The temperature here was 21 F.
In my bedroom it was 42-thank goodness the heater in the kitchen kept it that high…it is too dangerous to keep a heater glowing in the bedroom-not enough space and a fire would be for certain.

I have an electric blanket that substitutes for a space heater-over that I throw a huge furniture movers pad,it keeps it warm. It is the sudden jar of the morning that brings back the uncomfortable…but God also shows me what a rich man I am.

I am thankful for the knowledge.

In 1975 when we first came out to these woods-there was nothing. We had an orange pup tent for two adults and two toddlers.

The first few months we lived in that tent-but over the period I managed to carry home enough scrap wood to build a shelter-a room 12′ by 16′ and our first roof was a blue and yellow tarp. And a wood stove for a heater.

It has been 30 some odd years now living out here. Same spot-most of that time-we did begin on the hill up the road with no running water or electric power,we carried water home in jugs-a kerosene lamp was the light. Now instead of a shack with a tarp for a roof is this dilapidated old mobile home-the subject of many attempts for renovation…actually most likely the longest renovation in history. There are still places the wall needs closing in,and the windows in the front still don’t close. There isn’t even a front door knob. There is still a wood stove which I believe is more inspired to be hooked up today more than any project ever has been.

I am so thankful for the way it began out here…poor,no transportation,and not even a house. Campfires made a huge difference-the cabin we built was kept warm enough by the heat of the wood stove but the space to stretch out was limited by the space taken by the wood stove. So an outside fire became just as important and we could stand up or sit down or even lay by the fire to stay warm.

After too many days of this kind of heat you begin to smell like smoke and your hands become covered with soot. There is nowhere to wash up when you have no running water-although we were rich enough to have a barrel to store some water,it was still to cold to really get clean. Feeling oily was a way of life-an embarrassing way of life.

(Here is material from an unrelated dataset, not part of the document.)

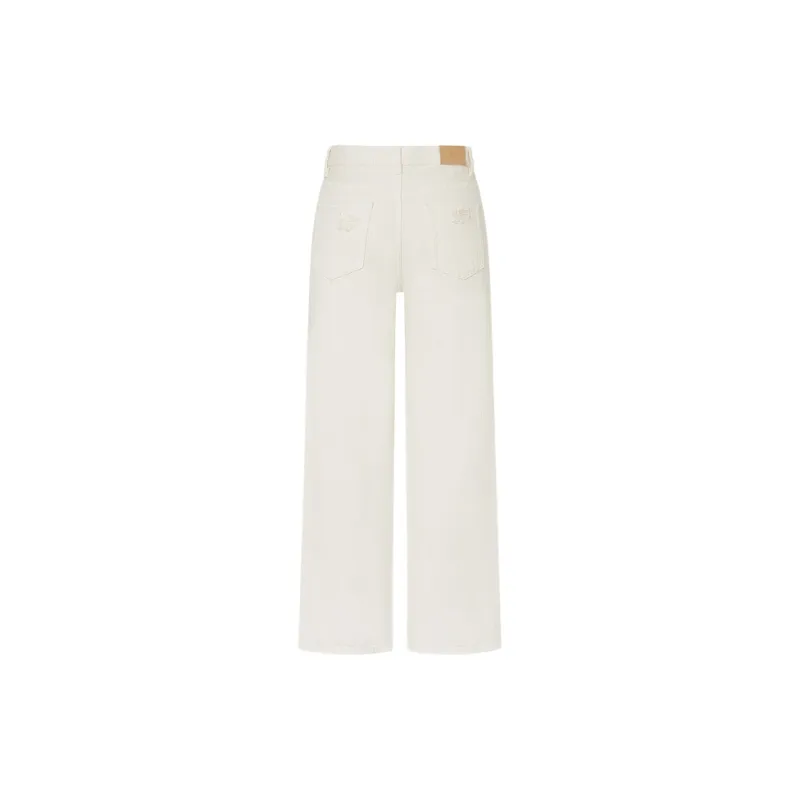 MO&CO Jeans Women's Denim White-1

I just came back to the keyboard from making a cup of coffee.  My room has heated up to around 50F- the kitchen is not much warmer. Every water faucet in the house is dripping at a slow flow-this to keep the pipes from freezing up and bursting,usually an annual problem. Glory be that it isn’t like the old days-all the water in a drum.

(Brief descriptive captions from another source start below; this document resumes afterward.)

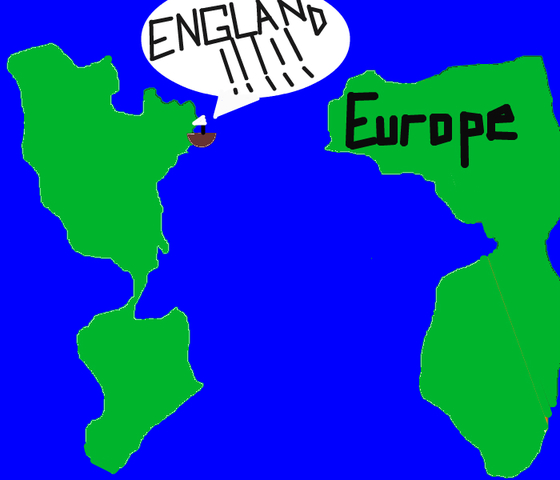 John Cabbot claims new world territory for England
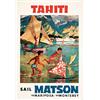 Image 1 : Matson Line Poster 1950s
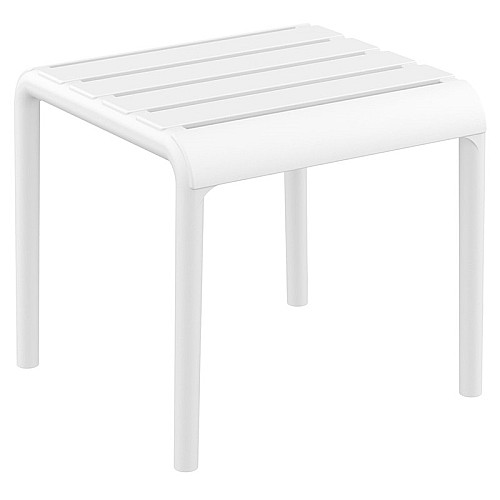 PARIS WHITE ΤΡΑΠΕΖΙ 42X41X40εκ. ΠΟΛ/ΝΙΟΥ,Έπιπλα κήπου > Τραπεζάκια κήπου-παραλίας,Έπιπλα κήπου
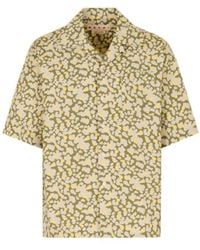 Marni - Abstract Print Short-Sleeve Shirt - Lyst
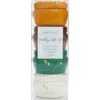 Capri Blue Glimmer Holiday Candles Gift Set In Multi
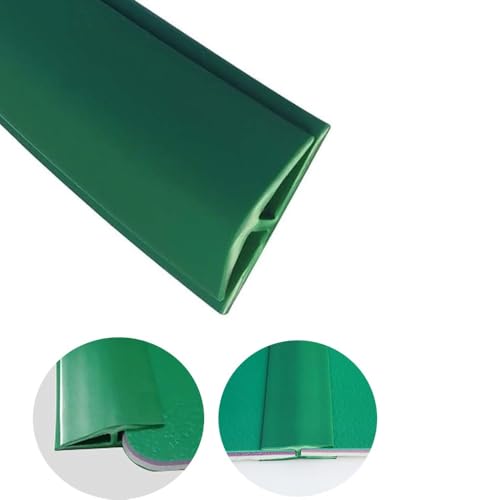 UTTDP Strapazierfähige PVC-Übergangsleiste zwischen Teppich und Fliesen | Einfache Installation und anpassbare Länge for einen reibungslosen Bodenübergang(Green,Length 3.0m(10ft)) von UTTDP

Right now while I am sitting here-sipping coffee and under a roof,I know there are hundreds of people right this moment fighting to stay warm. They aren’t going to a kitchen to get a cup of coffee to sip on…and are not going to complain that it is no warmer in there than it is in here.

I admit-I am nearing age 60,and doing this chore of plugging up holes and blocking the undersides of doors and fighting to stay warm is getting old like me.Our bodies are already knotted up from age to be trying to tighten them up further by trying to stay warm.

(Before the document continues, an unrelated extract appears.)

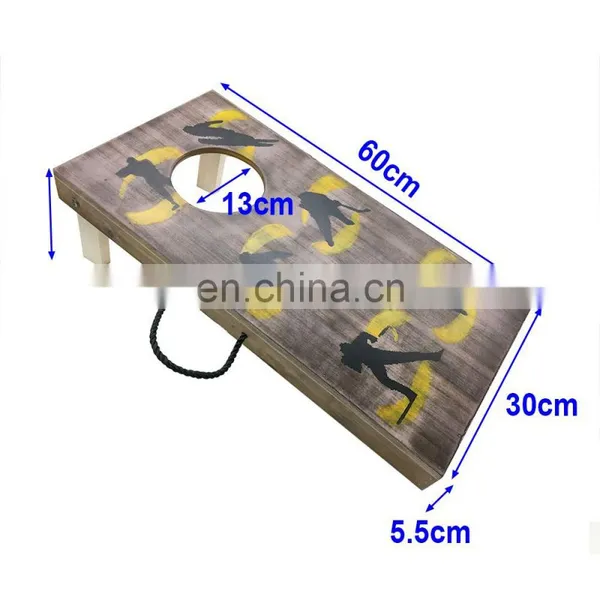 Superior Quality Outdoor Play Equipment Board Corn Hole Bean Bag Toss Game photo-3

I think of the people who congregate down in the national forest (Ocala National Forest). A society of homeless that call themselves the ‘rainbow family’ (or some such). You begin to see them migrating to the forest in mid-October and they spend the winter going from one campground to another staying ahead of the forestry service rules of camping restricted to two-week intervals. You need to go deep in the woods-and you find them. A very haunting sight. And I wonder to how in the world they make it through nights like last night-and the nights we’ve had all week?

It makes you humble to have had the same type of lifestyle and to understand what it does feel like to work all night to keep a fire going only sleeping in a half doze while sitting up lest you go to sleep and the fire dies.

And I am  thankful God made me so rich.